Ahead of its debut on BBC Two on Tuesday, we take a closer look at the new show which is set to celebrate favourite family recipes across the nation.

What’s the format?

Over the 12-part series, 16 teams of cooks will be whittled down over eight heats, three semi-finals and one grand final. In each episode, two families, represented by three family members, go head-to-head in three rounds.

Round one is the £10 challenge, where teams show what they can do to feed four within the budget in just over an hour.

Round two is the home visits challenge, where each team must cook a main course and a dessert in their own home.

Round three is the “impress the neighbours” challenge, where the families return to the studio, creating a starter and a main course in little over two hours.

Who’s presenting?

Zoe Ball swaps the glitter of Strictly Come Dancing: It Takes Two for presenting duties in The Big Family Cooking Showdown studio. Ball, a mum-of-two, doesn’t describe herself as the world’s best cook, but has enjoyed learning some handy new kitchen tips from the families.

“We get to go into family homes and see them cooking in their own home space. It’s really quite wonderful seeing all these recipes that have gone back through the families, handed down and taught from generation to generation,” says the 46-year-old.

Ball is joined by Hussain, a mum-of-three, who’s now a published author and popular TV presenter following her Bake Off win.
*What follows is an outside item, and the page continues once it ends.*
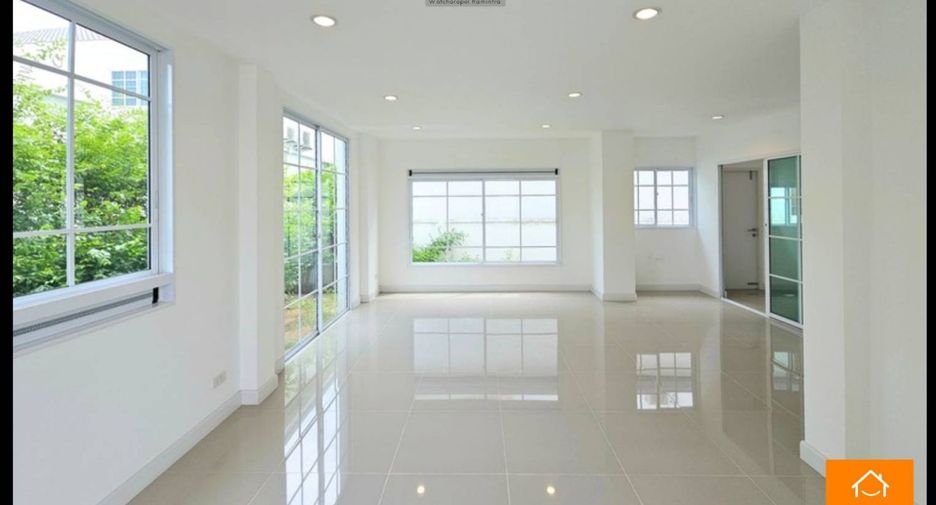 Casa en venta de 4 habitaciones en Bang Khen, Bangkok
“It’s not just about the food, but it’s also about the dynamics of the family, because we’ve got so many different types of families, the array of food is unreal,” explains the 32-year-old.

“And it’s not one person cooking, so it falls on everybody to have a role in the group and that’s really interesting to watch.”

Who’s judging?

Chef Rosemary Shrager (66), who’s appeared on The Real Marigold Hotel, The Chopping Block and Rosemary’s School For Cooks, as well as Ladette To Lady, is looking for a family with food at its heart that shares both the kitchen duties and recipes between the generations.

“I think it’s a combination of families cooking, achieving lots of great stuff together, doing lots of unusual food that even I haven’t seen before,” she says.

She is joined by Michelin star chef Giorgio Locatelli, who owns Locanda Locatelli, and has appeared in Sicily Unpacked and Italy Unpacked.

“I was born on the second floor of a restaurant, so all my life it has been about culinary tradition,” he notes. “I think the viewers will enjoy the intimacy of going to the house of the families, see their kitchen and see what food means to them.”

who’s taking part?

In total there are 16 families, two taking part per episode, and representing all corners of the country.

In heat one, we’re introduced to the Charles and Marks families, who hail from Yorkshire and London respectively.

The Charles team is made up of Betty (29), her husband Dan (32) and her mother Jean (59). They take inspiration for their food from their travels across Europe and Asia.

The Marks team is made up of Swedish-born Torun (86), her daughter Jessica (55) and grandson Oskar (29). Together they enjoy cooking Swedish dishes that Torun has passed down to her family, with Oskar adapting the recipes using more exotic ingredients.

does it deserve the bake off comparisons?

In short, no it doesn’t. There might be two judges and two presenters, one of which won The Great British Bake Off, but that’s really where the similarities end.

There are teams of three so unlike Bake Off it’s a group effort. The contestants are also asked to create entire meals not focus solely on cakes, buns and breads.